Cuando el fuego corre más rápido que la ayuda
El análisis técnico del incendio reveló que su velocidad inicial rondó los tres kilómetros por hora y luego se mantuvo cerca de los dos. Sin embargo, la capacidad real de control apenas alcanza unos cientos de metros por hora.
En consecuencia, aun con recursos desplegados, el fuego avanzó hasta diez veces más rápido que las tareas de contención. Esta brecha evidencia un límite estructural frente a eventos extremos cada vez más frecuentes.
A ello se sumaron factores ambientales críticos, como la baja humedad, las altas temperaturas y una gran acumulación de material vegetal seco.

Incendios forestales en Chile: una tendencia en alza
Los siniestros registrados en Biobío y Ñuble, ubicadas a 500 y 400 kilómetros al sur de Santiago, dejaron un saldo devastador. En total, más de 42.000 hectáreas fueron consumidas y se registraron al menos 21 víctimas fatales.
Además, la temporada 2025-2026 ya muestra cifras alarmantes, con más de 66.000 hectáreas quemadas desde septiembre. Esto representa un aumento superior al 150% respecto del período anterior.
La persistente sequía y el cambio climático explican gran parte de este escenario, al intensificar y prolongar las condiciones propicias para el fuego.
El rol clave de la prevención y las alertas tempranas
Frente a este panorama, la evaluación institucional destacó mejoras en los sistemas de alerta y evacuación. A diferencia de tragedias pasadas, la información llegó a tiempo a las comunidades.
Gracias a ello, se redujo el número de víctimas pese a la magnitud del desastre. La coordinación entre organismos permitió ordenar las evacuaciones y evitar situaciones caóticas.
No obstante, los incendios de gran escala siguen poniendo a prueba la capacidad de anticipación y respuesta del Estado y de la sociedad.

Un problema ecológico de fondo
Más allá de la emergencia, el avance del fuego revela desequilibrios profundos en el paisaje. El abandono de prácticas ganaderas tradicionales favoreció el crecimiento descontrolado del matorral.
Este exceso de combustible vegetal dificulta el control de incendios y potencia su propagación.
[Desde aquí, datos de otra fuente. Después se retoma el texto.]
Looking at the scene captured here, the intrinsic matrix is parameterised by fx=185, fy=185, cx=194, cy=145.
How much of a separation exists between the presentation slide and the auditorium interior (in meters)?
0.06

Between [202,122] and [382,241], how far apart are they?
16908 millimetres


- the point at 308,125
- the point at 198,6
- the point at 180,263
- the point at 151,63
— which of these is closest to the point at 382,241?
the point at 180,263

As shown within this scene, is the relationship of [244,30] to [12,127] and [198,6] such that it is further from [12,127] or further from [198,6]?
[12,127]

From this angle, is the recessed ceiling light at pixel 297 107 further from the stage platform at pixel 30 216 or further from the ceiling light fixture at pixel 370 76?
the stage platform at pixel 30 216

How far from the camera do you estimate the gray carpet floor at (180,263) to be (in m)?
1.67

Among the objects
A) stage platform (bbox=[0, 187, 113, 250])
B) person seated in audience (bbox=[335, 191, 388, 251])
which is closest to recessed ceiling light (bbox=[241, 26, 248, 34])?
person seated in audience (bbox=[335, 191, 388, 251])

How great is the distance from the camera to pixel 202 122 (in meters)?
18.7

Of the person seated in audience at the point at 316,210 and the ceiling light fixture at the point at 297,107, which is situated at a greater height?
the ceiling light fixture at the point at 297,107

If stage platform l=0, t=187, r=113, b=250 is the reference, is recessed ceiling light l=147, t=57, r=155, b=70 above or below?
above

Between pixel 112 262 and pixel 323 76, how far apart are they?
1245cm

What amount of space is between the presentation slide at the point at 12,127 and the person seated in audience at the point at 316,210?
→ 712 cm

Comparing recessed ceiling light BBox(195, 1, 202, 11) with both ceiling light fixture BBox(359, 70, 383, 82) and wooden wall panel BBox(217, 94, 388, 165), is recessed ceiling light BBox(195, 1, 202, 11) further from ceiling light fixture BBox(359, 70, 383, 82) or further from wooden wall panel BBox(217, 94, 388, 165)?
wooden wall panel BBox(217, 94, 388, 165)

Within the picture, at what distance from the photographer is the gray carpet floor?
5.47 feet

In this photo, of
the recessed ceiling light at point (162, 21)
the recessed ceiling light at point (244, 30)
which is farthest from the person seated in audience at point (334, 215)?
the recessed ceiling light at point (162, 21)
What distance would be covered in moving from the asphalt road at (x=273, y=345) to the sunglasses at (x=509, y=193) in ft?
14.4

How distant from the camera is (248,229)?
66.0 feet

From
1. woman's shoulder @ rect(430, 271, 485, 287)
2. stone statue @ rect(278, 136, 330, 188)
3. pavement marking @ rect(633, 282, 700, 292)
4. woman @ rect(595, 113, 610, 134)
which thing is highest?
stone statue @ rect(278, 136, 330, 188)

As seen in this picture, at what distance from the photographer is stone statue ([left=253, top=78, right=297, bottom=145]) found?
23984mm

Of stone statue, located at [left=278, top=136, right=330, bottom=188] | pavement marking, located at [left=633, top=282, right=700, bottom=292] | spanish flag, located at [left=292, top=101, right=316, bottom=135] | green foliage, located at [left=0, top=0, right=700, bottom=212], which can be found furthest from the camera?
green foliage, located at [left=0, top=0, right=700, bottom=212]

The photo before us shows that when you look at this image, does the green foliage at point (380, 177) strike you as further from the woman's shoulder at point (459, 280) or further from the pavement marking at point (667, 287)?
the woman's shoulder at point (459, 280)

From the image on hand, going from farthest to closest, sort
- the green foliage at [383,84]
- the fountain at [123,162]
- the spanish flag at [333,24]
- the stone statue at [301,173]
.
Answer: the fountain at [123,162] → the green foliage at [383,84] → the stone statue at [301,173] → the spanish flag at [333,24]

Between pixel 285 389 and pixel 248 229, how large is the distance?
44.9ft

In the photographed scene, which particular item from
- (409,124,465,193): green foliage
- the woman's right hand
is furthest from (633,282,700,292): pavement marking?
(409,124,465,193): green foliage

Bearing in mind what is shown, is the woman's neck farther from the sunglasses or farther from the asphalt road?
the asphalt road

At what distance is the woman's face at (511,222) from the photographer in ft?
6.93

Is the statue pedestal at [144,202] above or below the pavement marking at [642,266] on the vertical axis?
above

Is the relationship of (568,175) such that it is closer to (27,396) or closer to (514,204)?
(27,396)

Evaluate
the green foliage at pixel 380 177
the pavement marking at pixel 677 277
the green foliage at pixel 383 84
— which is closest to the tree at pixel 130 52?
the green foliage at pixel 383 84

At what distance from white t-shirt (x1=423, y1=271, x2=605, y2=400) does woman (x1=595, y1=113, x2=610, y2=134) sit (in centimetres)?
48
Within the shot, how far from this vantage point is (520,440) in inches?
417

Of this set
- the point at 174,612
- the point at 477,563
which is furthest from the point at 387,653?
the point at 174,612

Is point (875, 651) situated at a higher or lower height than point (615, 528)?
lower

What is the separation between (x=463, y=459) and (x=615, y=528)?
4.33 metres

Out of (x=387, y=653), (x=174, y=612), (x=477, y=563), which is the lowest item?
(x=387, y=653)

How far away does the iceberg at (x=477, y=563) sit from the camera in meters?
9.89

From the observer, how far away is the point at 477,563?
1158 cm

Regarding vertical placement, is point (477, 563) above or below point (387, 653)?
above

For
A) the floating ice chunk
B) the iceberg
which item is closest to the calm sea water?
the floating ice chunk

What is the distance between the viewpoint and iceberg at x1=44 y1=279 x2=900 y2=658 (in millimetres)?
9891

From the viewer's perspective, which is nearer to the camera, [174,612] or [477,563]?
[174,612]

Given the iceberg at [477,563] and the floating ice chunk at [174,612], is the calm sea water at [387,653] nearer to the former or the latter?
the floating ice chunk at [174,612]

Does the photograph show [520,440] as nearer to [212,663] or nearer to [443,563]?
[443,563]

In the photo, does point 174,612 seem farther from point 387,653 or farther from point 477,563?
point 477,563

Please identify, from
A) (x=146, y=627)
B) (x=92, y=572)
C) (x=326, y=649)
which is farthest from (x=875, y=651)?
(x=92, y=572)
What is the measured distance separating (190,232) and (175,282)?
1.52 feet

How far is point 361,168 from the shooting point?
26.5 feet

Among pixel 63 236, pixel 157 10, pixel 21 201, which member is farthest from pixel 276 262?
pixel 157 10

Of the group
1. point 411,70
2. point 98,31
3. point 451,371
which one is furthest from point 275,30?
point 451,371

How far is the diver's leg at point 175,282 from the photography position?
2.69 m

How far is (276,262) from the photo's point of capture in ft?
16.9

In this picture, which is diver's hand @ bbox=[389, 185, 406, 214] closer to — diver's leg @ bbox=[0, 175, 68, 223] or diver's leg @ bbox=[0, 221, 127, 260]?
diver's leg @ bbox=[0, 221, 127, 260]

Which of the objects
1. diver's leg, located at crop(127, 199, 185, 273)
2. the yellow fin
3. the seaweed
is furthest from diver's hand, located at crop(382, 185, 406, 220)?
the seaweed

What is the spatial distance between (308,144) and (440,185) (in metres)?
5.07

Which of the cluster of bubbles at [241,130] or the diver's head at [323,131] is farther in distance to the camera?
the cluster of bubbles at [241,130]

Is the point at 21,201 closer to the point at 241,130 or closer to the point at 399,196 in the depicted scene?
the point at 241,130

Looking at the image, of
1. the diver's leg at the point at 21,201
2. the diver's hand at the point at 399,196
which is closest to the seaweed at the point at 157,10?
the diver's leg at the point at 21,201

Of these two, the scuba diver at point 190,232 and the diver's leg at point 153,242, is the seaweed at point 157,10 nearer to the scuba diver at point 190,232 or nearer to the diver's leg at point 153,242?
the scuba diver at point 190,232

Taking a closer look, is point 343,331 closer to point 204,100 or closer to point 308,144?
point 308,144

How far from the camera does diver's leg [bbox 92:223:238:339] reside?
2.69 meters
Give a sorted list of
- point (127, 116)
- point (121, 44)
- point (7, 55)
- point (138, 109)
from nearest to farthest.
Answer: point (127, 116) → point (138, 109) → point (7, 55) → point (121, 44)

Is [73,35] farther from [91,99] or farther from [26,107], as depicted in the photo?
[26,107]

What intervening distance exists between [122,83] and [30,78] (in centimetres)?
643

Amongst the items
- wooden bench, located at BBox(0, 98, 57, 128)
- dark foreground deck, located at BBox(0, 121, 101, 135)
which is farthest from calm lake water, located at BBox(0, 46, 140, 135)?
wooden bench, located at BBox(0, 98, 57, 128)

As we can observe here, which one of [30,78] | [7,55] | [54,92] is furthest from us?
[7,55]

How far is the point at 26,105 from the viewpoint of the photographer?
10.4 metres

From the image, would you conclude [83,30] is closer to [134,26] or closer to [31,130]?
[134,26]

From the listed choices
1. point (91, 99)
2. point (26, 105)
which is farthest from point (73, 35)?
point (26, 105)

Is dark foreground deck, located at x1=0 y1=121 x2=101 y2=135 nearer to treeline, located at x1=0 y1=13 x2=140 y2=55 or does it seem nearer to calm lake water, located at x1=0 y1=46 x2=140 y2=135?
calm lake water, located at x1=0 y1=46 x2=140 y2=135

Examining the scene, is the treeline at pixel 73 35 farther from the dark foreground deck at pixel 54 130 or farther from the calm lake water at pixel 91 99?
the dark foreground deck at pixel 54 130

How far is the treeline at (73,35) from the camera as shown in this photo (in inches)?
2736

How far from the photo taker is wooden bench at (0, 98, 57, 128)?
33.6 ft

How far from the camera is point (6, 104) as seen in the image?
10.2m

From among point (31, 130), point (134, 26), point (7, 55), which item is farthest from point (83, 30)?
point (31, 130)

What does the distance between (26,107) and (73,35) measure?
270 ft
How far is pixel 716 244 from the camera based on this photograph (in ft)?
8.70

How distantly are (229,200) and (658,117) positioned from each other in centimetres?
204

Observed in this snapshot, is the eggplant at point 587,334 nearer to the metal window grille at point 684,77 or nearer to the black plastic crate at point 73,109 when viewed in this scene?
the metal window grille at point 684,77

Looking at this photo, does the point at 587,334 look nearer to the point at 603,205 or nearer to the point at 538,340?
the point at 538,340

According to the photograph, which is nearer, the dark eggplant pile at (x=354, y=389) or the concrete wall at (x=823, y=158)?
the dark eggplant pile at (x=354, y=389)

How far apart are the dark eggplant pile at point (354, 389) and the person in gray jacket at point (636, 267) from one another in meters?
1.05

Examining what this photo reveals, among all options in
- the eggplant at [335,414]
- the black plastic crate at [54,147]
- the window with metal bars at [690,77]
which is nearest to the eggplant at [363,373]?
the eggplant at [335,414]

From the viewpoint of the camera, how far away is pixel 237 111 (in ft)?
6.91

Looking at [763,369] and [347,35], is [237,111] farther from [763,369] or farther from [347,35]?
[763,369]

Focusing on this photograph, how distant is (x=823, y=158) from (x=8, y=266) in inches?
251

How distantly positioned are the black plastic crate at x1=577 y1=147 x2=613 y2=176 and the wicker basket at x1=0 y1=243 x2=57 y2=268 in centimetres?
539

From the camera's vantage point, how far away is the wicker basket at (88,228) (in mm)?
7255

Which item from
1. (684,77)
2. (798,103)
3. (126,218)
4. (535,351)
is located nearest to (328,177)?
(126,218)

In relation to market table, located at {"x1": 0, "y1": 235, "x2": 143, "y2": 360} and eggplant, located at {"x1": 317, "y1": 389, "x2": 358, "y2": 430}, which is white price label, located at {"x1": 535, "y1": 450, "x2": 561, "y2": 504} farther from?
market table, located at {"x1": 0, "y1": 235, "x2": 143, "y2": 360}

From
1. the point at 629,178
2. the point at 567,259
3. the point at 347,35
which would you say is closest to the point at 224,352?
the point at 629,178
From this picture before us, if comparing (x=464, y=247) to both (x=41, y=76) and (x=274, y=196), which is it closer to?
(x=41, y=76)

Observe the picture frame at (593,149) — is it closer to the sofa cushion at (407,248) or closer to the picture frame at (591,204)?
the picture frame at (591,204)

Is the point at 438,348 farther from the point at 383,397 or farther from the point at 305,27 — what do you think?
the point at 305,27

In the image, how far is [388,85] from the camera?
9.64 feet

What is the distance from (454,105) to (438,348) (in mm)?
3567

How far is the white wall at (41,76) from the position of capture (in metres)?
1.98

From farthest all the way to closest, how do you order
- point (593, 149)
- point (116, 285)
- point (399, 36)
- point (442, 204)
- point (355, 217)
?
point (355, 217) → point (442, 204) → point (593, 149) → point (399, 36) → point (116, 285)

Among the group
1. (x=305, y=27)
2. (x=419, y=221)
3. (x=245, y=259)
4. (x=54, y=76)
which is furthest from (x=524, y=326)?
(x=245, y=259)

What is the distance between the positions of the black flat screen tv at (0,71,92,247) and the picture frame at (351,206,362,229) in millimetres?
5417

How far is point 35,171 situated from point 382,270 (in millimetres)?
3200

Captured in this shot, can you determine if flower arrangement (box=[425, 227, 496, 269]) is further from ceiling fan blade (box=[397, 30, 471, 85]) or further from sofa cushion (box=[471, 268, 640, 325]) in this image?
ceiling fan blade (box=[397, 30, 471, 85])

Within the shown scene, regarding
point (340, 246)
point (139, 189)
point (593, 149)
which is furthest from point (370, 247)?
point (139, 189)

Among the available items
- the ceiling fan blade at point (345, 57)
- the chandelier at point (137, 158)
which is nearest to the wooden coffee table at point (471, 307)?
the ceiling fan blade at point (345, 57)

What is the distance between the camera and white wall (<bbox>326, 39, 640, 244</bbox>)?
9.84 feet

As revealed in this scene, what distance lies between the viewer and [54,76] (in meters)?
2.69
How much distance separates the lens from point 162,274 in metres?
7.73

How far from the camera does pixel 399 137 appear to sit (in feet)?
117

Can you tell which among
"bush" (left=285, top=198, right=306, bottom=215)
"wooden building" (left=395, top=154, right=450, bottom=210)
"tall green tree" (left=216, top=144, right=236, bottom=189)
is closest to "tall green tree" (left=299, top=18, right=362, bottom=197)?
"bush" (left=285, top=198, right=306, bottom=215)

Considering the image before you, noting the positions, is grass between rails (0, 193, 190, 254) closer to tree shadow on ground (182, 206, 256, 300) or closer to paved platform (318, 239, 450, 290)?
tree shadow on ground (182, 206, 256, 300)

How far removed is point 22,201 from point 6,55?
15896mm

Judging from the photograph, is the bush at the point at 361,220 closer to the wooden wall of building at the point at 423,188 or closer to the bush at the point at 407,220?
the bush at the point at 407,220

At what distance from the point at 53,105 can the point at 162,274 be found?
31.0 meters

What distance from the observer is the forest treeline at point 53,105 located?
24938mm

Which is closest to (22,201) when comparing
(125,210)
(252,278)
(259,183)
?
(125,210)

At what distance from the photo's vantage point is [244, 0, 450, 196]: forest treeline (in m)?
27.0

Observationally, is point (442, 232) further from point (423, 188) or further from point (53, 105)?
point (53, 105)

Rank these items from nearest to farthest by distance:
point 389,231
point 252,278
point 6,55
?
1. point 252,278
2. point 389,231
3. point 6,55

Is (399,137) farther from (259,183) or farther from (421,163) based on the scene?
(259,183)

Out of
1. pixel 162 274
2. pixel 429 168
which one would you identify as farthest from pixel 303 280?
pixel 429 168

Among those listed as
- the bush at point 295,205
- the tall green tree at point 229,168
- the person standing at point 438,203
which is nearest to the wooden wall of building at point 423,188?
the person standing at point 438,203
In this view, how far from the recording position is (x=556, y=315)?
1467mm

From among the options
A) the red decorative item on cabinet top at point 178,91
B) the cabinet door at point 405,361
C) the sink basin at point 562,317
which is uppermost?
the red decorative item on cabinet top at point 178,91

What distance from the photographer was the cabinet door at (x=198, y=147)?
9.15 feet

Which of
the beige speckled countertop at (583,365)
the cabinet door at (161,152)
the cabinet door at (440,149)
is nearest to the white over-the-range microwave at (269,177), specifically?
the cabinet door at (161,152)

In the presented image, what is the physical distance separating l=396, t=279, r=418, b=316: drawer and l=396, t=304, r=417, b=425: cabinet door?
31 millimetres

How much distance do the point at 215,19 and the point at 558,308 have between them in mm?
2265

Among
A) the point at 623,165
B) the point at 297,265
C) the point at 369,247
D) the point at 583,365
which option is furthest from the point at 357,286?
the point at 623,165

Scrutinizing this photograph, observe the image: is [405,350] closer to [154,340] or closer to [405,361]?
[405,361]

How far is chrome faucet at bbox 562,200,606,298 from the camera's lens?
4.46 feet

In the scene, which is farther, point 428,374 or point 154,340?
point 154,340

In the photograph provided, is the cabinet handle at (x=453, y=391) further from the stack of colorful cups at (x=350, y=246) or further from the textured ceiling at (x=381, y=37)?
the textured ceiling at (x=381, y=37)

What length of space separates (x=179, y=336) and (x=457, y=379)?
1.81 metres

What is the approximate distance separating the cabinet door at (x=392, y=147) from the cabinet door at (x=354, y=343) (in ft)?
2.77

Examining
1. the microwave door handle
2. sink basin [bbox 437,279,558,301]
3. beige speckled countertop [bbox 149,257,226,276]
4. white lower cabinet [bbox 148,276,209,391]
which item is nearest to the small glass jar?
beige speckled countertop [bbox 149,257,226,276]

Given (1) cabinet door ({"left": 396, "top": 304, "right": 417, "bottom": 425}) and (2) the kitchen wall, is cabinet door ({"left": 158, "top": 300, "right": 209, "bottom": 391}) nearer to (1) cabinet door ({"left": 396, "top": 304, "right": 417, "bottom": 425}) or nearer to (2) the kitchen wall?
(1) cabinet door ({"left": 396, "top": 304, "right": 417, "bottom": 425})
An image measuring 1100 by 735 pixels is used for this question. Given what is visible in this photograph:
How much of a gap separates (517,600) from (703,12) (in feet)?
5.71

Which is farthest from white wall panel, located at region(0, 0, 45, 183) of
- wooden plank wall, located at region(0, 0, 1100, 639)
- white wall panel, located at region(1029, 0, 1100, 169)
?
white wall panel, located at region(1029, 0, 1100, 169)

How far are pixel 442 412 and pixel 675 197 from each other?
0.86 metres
Así, la transformación del uso del suelo se vuelve un factor clave en la crisis.
Repensar la gestión forestal, restaurar ecosistemas y reducir la vulnerabilidad climática aparece como un desafío urgente para Chile.
Un futuro que exige cambios estructurales
Los incendios ya no son eventos aislados, sino síntomas de una crisis ambiental más amplia. En consecuencia, la adaptación al cambio climático se vuelve impostergable.
Invertir en prevención, ordenamiento territorial y manejo sostenible del paisaje será decisivo. De lo contrario, el fuego seguirá avanzando más rápido que cualquier intento por detenerlo.